→ **WHAT IS EXPECTED**: What you write must match, character for character, the lines from the one with "B08WRLQ29X 24mm Black" down to the one with "Wall Light Black" in the listing below, minus its pictures.

→ **INFORMATION PROVIDED**:
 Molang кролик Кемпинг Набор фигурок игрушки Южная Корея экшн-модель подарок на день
---
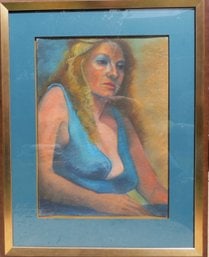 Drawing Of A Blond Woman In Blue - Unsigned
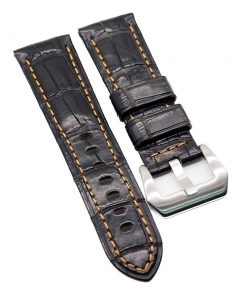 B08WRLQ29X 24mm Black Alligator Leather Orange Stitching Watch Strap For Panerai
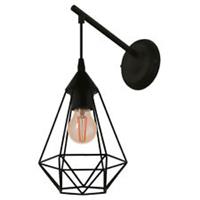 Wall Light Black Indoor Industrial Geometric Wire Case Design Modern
--
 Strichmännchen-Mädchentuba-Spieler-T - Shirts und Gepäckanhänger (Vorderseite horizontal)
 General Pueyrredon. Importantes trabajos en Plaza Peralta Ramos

→ **OUTPUT OF THE TASK**:
 B08WRLQ29X 24mm Black Alligator Leather Orange Stitching Watch Strap For Panerai
 Wall Light Black Indoor Industrial Geometric Wire Case Design Modern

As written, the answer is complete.